*Supplied data*:
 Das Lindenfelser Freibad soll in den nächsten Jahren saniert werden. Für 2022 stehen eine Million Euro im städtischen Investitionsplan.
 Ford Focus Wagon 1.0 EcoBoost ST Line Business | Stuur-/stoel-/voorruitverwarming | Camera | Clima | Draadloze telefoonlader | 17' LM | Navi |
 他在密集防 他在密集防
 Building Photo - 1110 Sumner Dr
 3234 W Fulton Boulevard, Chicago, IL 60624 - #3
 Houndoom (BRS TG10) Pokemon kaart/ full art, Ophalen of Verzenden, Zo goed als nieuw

==

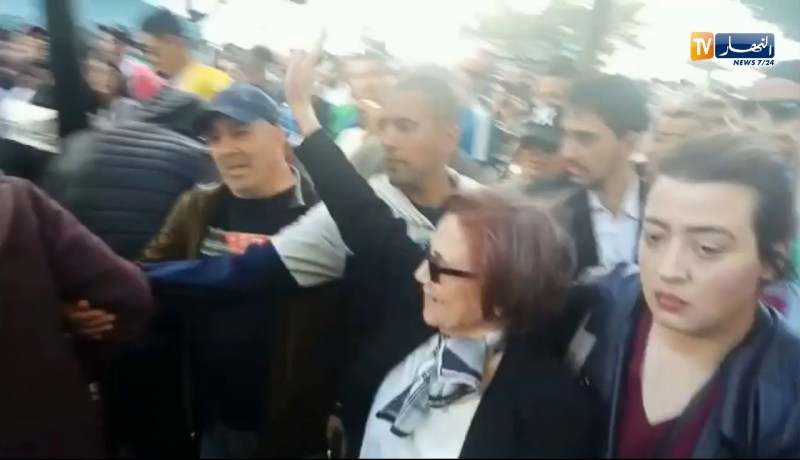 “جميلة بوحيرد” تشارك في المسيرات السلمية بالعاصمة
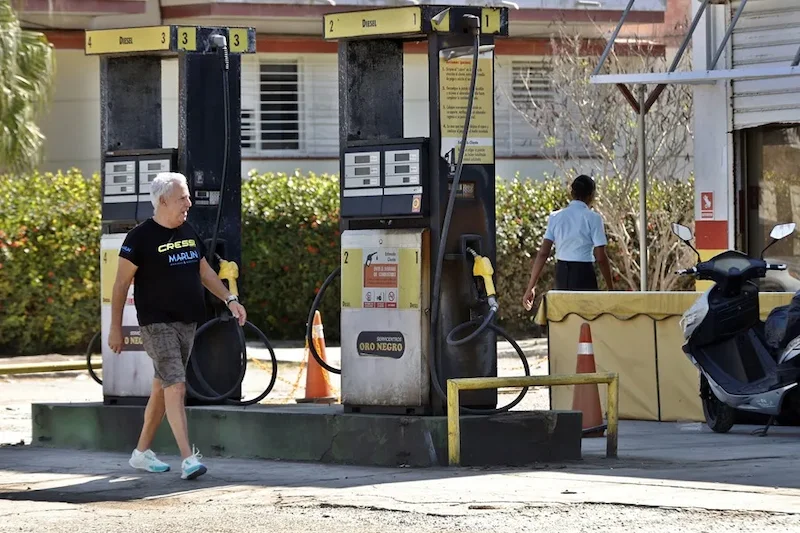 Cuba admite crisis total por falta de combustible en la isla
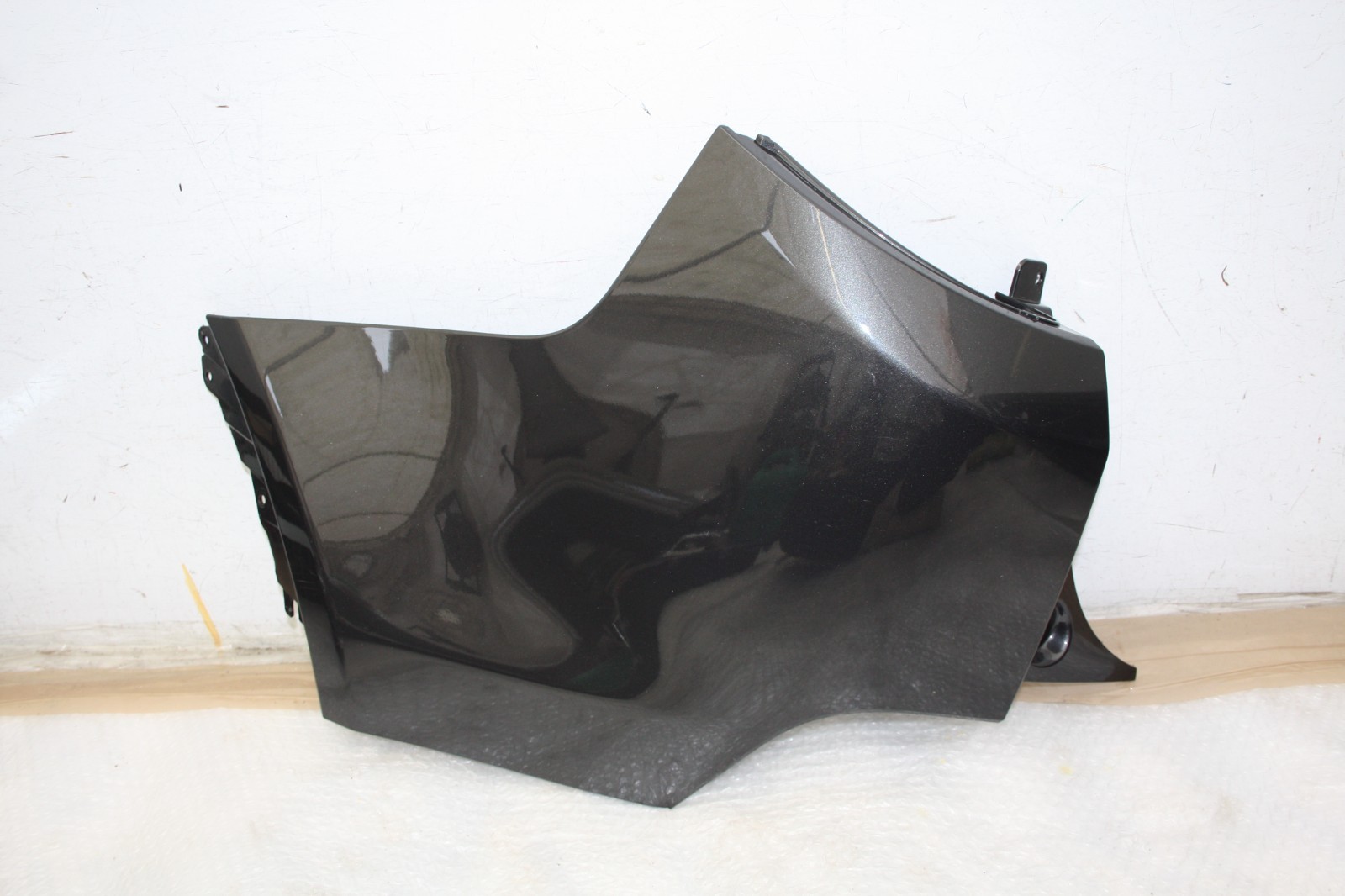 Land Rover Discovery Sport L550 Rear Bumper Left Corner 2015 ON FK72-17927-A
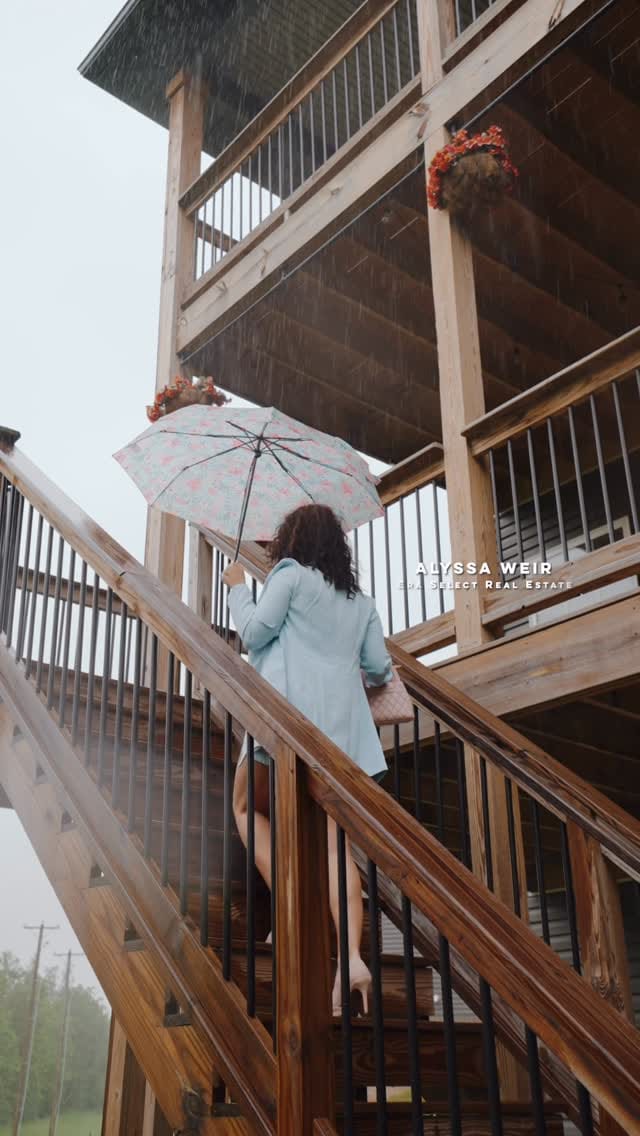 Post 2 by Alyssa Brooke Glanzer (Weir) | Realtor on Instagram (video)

==

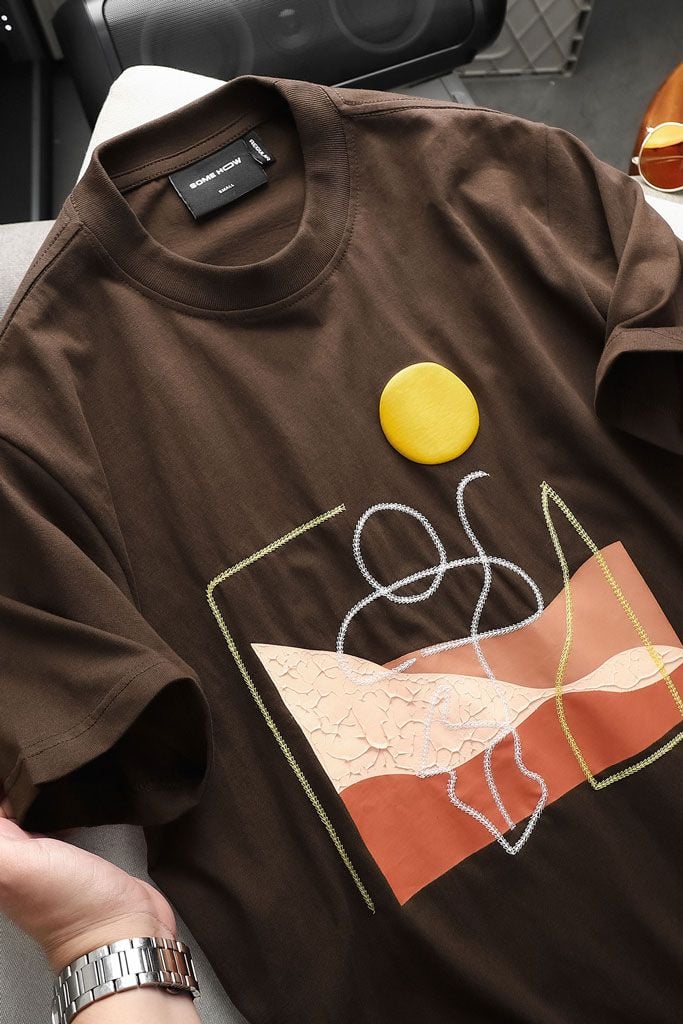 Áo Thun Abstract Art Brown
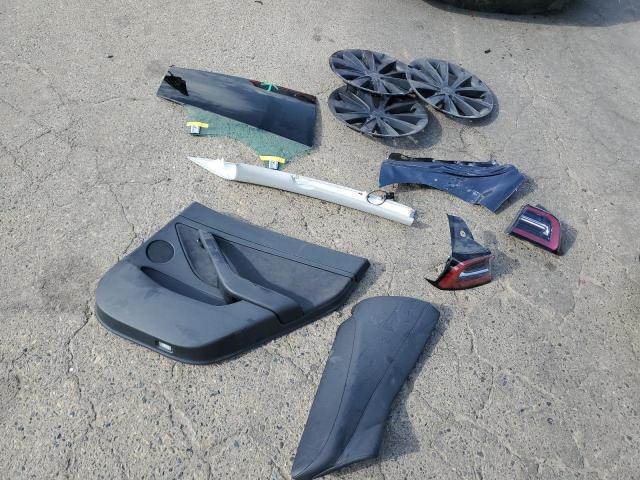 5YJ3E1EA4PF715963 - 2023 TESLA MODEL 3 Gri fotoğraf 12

*Required action*:
Would you please repeat exactly the lines above, starting at the line with "Ford Focus Wagon" and stopping at the line with "Houndoom (BRS TG10)", both included?

*The answer*:
 Ford Focus Wagon 1.0 EcoBoost ST Line Business | Stuur-/stoel-/voorruitverwarming | Camera | Clima | Draadloze telefoonlader | 17' LM | Navi |
 他在密集防 他在密集防
 Building Photo - 1110 Sumner Dr
 3234 W Fulton Boulevard, Chicago, IL 60624 - #3
 Houndoom (BRS TG10) Pokemon kaart/ full art, Ophalen of Verzenden, Zo goed als nieuw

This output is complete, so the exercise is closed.